== The data
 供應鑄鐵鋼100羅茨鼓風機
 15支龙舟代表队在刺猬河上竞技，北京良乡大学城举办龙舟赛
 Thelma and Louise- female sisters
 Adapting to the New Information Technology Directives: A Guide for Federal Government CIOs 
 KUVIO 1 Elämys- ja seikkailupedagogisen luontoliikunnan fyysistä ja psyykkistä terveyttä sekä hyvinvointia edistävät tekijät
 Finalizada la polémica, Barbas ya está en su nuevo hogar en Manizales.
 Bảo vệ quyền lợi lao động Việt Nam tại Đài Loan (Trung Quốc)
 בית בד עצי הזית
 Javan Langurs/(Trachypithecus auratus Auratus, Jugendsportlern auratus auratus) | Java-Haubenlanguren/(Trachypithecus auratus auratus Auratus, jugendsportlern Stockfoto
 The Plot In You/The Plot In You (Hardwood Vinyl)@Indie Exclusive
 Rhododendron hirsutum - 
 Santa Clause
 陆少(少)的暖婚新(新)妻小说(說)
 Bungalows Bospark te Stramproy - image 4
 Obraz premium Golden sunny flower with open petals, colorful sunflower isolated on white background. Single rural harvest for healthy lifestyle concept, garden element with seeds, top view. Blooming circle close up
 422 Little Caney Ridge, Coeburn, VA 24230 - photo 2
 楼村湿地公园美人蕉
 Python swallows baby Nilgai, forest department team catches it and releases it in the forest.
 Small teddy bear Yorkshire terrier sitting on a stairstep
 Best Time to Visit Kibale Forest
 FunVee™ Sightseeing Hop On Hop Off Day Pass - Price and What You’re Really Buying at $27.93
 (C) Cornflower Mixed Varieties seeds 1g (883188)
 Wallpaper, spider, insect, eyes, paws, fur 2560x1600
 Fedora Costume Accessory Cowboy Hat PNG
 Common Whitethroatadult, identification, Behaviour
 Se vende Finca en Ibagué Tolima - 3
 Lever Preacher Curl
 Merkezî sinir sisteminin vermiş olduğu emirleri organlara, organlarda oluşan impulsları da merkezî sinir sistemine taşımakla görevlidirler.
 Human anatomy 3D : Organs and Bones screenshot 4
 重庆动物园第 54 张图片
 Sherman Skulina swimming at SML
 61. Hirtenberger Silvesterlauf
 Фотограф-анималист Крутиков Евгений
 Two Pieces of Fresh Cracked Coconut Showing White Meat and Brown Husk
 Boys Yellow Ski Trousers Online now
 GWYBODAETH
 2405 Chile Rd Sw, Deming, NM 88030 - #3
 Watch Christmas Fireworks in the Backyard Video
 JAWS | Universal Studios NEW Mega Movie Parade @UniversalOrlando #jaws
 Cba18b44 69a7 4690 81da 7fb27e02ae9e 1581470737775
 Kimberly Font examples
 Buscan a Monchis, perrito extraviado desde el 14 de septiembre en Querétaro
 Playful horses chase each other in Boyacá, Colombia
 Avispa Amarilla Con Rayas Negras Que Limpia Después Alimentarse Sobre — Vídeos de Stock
====
What you should do:
Retype exactly the lines from the start of the entries through the one with "Adapting to the"; include both ends.

Written reply:
 供應鑄鐵鋼100羅茨鼓風機
 15支龙舟代表队在刺猬河上竞技，北京良乡大学城举办龙舟赛
 Thelma and Louise- female sisters
 Adapting to the New Information Technology Directives: A Guide for Federal Government CIOs 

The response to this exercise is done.